If you haven’t had the pleasure of enduring a death march at the end of your triathlon due to dehydration then pat yourself on the back! Top performance relies on proper hydration, particularly in long course events. Given its importance, you’d think that the guidelines would be pretty straight-forward. Well, not so fast my friend.
There are two polar opposite theories for ideal endurance racing hydration: That of the American College of Sports Medicine (ACSM) and the other by those who are proponents of what I call the ‘Drink to Thirst’ Theory.
But before we get too deep into the details, I’d like to give you some basic definitions for reference:
- Euhydration: A balanced state in which the amount of body water meets the body’s physiological demands.

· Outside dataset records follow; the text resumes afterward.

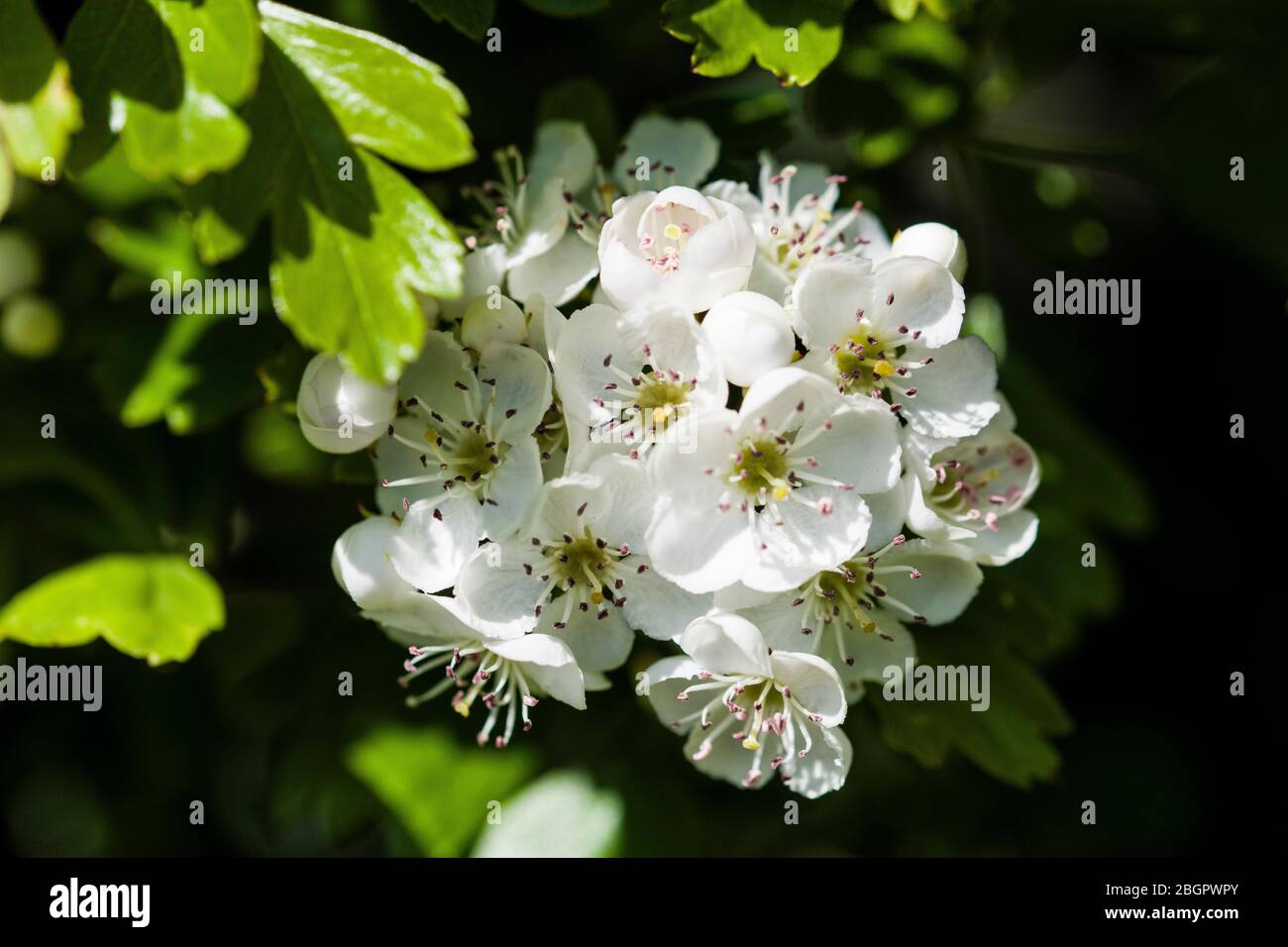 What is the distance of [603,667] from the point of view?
1.47 metres

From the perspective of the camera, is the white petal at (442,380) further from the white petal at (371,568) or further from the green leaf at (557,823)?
the green leaf at (557,823)

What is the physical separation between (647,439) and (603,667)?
11.2 inches

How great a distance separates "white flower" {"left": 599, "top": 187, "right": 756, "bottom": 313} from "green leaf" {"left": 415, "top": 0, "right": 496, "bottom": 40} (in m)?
0.24

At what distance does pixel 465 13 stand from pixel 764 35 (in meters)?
0.34

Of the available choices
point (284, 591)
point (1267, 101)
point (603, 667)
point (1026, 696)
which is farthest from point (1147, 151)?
point (284, 591)

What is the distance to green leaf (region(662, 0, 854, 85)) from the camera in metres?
1.40

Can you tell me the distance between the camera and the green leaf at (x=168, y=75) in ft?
3.97

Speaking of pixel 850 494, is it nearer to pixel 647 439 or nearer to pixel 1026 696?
pixel 647 439

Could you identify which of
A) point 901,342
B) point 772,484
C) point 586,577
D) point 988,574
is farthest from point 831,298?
point 988,574

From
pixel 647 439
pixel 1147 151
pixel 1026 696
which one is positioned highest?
pixel 1147 151

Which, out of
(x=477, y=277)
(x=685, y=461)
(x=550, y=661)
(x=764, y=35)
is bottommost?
(x=550, y=661)

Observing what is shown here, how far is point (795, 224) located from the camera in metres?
1.58

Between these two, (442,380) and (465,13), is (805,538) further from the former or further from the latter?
(465,13)

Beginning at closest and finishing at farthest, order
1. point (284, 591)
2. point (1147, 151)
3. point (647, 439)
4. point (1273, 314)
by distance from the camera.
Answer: point (647, 439) < point (284, 591) < point (1147, 151) < point (1273, 314) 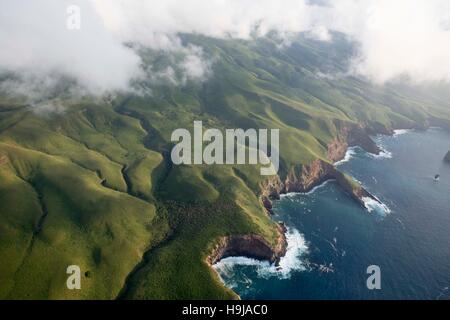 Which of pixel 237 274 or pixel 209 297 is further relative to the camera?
pixel 237 274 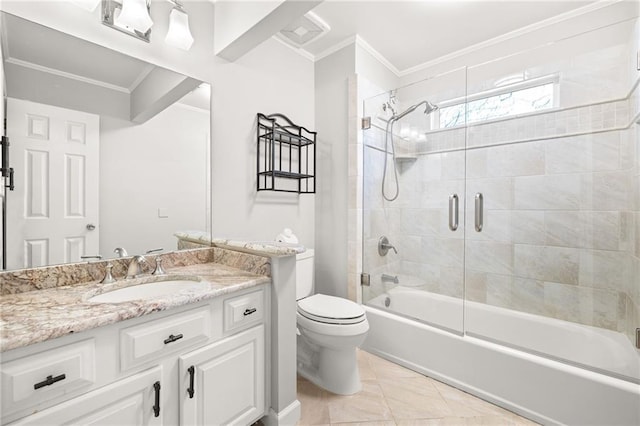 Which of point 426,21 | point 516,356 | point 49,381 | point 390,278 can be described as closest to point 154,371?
Result: point 49,381

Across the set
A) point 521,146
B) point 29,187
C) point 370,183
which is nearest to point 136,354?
point 29,187

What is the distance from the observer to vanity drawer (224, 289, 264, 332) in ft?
3.98

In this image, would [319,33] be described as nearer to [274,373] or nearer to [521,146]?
[521,146]

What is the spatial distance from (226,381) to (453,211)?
196 centimetres

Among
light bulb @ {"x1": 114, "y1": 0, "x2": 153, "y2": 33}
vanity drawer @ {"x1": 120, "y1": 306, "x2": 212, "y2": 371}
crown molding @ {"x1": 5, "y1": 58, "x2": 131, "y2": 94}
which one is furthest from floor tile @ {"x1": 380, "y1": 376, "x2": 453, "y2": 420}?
light bulb @ {"x1": 114, "y1": 0, "x2": 153, "y2": 33}

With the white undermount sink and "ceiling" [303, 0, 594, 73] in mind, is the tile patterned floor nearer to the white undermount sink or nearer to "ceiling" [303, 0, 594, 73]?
the white undermount sink

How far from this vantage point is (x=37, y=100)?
1.17 m

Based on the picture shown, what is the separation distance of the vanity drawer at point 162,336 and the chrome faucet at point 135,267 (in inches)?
19.0

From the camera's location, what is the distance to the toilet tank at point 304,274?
6.92 feet

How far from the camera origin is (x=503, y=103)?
83.9 inches

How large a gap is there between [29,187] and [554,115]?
2.97 metres

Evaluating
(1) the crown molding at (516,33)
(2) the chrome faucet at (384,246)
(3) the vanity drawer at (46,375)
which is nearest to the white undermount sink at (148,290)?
(3) the vanity drawer at (46,375)

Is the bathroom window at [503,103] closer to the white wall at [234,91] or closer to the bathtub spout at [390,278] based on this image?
the white wall at [234,91]

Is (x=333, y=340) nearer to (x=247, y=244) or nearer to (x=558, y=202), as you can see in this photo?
(x=247, y=244) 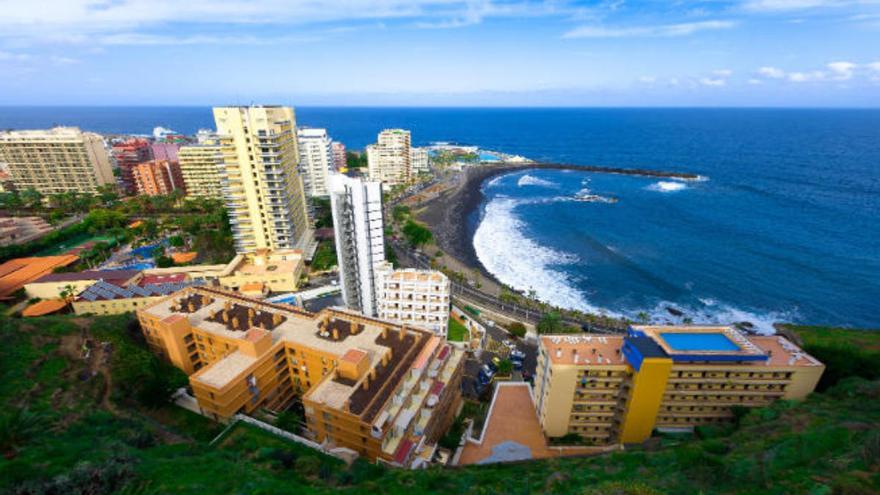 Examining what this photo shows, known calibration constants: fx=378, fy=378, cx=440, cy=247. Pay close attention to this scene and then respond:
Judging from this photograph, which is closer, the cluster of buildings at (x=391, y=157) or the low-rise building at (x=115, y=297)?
the low-rise building at (x=115, y=297)

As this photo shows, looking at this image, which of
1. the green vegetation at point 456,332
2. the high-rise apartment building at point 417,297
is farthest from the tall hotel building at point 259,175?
the green vegetation at point 456,332

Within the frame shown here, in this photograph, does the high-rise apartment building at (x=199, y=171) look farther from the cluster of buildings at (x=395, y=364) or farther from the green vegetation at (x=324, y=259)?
the cluster of buildings at (x=395, y=364)

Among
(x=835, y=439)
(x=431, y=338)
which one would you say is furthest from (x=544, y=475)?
(x=835, y=439)

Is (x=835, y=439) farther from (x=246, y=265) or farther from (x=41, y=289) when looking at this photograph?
(x=41, y=289)

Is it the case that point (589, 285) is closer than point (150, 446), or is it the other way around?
point (150, 446)

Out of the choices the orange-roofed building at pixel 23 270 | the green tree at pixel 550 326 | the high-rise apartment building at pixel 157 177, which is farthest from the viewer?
the high-rise apartment building at pixel 157 177

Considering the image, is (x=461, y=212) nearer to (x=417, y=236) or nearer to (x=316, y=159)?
(x=417, y=236) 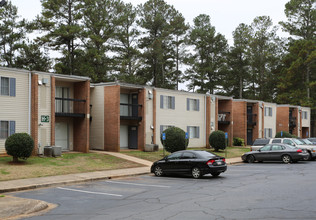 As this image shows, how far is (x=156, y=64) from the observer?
57656mm

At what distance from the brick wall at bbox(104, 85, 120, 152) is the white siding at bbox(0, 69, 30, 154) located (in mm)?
7453

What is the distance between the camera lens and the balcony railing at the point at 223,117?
146 ft

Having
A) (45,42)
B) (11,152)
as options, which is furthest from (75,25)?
(11,152)

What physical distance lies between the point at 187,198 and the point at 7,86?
1741cm

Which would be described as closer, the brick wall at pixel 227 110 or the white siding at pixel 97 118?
the white siding at pixel 97 118

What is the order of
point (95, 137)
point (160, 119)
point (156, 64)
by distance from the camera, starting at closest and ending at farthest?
point (95, 137), point (160, 119), point (156, 64)

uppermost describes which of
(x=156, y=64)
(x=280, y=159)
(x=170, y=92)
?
(x=156, y=64)

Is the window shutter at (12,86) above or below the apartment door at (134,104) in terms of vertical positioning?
above

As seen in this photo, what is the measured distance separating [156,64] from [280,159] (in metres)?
33.2

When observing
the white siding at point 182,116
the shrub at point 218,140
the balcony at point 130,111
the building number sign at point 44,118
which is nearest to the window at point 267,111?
the white siding at point 182,116

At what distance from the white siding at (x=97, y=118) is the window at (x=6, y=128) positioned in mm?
8723

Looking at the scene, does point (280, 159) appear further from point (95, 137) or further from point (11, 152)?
point (11, 152)

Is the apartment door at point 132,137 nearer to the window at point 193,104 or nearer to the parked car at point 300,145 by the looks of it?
the window at point 193,104

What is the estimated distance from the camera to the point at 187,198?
42.7ft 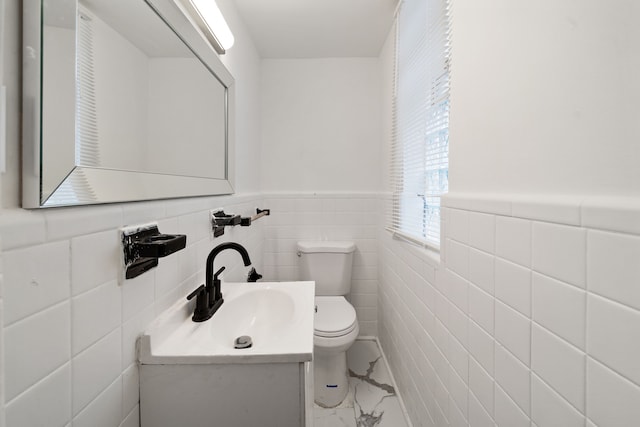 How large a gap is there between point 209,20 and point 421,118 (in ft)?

- Dehydration: It’s the loss of body water. The American College of Sports Medicine (ACSM) is considered the authority in the U.S. and in the ACSM’s 2007 position paper on Exercise and Fluid Replacement it set dehydration of 2% as the point where aerobic exercise performance begins to degrade.
- Osmolality: It is the concentration of body fluids. For the purpose of this article we’ll use it to refer to the sodium concentration, which ranges from 130mM-155mM (mille mole)/liter of body fluid with 140mM/liter most often used as normal.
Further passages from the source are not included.